Agency: GTR | Branch: Innovate UK | Program: | Phase: Collaborative Research & Development | Award Amount: 940.38K | Year: 2014
Bonded composite patches are used to repair corrosion, fatigue and impact damage to airframes due to their superior mechanical integrity characteristics compared with mechanically fastened repairs. Such repairs also reduce aircraft down-time, maintenance labour costs and enable useful life extension. Success of a bonded repair is critically dependent on achieving suitable surface preparation and cure under difficult field conditions. Expanding the scope of patch repairs to primary load bearing structures, requires an added level of assurance where voids/disbonds are below a critical size threshold and that cure conditions result in adequate adhesive shear modulus without high residual stress.
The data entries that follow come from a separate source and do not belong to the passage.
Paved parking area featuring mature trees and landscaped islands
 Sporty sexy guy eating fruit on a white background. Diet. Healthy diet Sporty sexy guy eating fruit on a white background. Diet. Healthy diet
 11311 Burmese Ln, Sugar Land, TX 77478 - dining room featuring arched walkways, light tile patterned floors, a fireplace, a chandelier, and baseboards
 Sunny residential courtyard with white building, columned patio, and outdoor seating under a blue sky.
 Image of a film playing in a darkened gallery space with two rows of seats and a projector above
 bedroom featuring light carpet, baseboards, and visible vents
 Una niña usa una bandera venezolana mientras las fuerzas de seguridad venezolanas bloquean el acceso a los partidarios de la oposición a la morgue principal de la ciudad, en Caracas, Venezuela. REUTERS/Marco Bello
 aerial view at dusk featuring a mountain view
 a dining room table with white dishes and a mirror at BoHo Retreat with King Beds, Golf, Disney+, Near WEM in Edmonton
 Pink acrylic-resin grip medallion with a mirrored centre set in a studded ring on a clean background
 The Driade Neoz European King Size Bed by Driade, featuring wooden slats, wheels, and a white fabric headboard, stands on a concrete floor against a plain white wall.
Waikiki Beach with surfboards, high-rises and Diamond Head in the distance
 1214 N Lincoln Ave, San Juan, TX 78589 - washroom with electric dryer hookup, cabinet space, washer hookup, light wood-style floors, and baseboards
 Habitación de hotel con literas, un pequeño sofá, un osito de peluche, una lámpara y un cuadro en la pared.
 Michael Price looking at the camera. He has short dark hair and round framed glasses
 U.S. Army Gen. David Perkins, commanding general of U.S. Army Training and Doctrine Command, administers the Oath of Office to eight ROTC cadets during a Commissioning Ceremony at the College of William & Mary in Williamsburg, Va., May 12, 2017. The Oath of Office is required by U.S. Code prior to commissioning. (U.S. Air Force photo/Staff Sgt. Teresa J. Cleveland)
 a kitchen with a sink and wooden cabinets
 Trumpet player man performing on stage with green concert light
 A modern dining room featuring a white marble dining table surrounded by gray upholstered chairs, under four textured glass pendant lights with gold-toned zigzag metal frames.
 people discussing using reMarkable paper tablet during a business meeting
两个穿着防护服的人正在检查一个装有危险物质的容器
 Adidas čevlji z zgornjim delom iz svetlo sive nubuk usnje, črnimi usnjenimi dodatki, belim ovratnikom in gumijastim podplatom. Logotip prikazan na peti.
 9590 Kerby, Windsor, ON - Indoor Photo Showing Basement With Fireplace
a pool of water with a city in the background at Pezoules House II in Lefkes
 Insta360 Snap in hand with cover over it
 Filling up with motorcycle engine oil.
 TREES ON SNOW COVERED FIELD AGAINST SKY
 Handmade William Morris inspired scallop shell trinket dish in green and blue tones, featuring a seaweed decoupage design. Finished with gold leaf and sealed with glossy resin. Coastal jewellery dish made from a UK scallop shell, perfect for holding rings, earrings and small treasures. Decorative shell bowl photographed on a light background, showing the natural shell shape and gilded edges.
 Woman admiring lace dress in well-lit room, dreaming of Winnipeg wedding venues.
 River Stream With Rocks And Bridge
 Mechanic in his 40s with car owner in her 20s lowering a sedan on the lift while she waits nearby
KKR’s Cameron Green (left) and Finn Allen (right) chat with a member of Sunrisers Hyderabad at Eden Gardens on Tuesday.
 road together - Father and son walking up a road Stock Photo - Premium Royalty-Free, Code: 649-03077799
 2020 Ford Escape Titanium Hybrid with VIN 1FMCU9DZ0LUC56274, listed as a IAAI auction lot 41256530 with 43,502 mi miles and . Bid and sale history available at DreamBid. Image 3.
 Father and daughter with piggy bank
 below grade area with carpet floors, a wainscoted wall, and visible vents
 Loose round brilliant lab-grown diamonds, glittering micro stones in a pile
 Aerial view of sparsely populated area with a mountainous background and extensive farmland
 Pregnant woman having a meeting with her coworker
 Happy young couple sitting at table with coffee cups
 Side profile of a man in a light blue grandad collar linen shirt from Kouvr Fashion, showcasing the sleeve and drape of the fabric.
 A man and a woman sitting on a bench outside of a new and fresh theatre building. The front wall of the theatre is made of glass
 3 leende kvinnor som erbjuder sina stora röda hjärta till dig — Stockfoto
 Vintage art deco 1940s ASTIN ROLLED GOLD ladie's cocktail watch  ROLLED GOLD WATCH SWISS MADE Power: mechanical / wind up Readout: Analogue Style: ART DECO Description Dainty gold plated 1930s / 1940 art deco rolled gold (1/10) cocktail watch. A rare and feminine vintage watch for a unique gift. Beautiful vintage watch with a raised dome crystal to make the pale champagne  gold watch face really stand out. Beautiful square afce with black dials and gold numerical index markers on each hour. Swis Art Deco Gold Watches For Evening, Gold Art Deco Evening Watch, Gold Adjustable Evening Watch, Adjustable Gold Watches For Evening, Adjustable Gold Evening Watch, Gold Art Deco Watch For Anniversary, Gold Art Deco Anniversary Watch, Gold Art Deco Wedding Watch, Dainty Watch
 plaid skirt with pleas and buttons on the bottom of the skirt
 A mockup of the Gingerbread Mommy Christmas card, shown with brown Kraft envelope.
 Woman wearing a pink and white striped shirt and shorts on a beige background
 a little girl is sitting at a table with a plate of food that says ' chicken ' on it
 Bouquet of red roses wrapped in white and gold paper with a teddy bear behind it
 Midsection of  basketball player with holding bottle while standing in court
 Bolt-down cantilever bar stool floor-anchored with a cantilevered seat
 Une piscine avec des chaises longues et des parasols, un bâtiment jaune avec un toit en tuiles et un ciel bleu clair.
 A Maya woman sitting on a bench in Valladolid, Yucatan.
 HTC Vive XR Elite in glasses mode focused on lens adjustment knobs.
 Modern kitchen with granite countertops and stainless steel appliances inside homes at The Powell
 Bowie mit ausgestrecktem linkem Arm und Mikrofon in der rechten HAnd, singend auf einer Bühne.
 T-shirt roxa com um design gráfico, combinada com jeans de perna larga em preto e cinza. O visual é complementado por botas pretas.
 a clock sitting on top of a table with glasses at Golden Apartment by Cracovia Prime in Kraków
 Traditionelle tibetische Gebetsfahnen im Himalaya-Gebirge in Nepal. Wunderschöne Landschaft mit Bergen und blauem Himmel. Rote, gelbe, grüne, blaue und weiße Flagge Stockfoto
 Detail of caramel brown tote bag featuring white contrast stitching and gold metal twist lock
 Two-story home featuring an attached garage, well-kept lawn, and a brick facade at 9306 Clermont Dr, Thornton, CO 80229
We propose to develop a smart-patch system with a reliable, low cost, integrated sensor network that will act as part of a feedback control system for active cure control to optimise both adhesive mechanical properties and minimise residual stress. The sensors will also be used as active transducer elements to enable non-destructive inspection of the patch to with a high probability of detection for voids and disbonds that are equal to or larger than the critical size.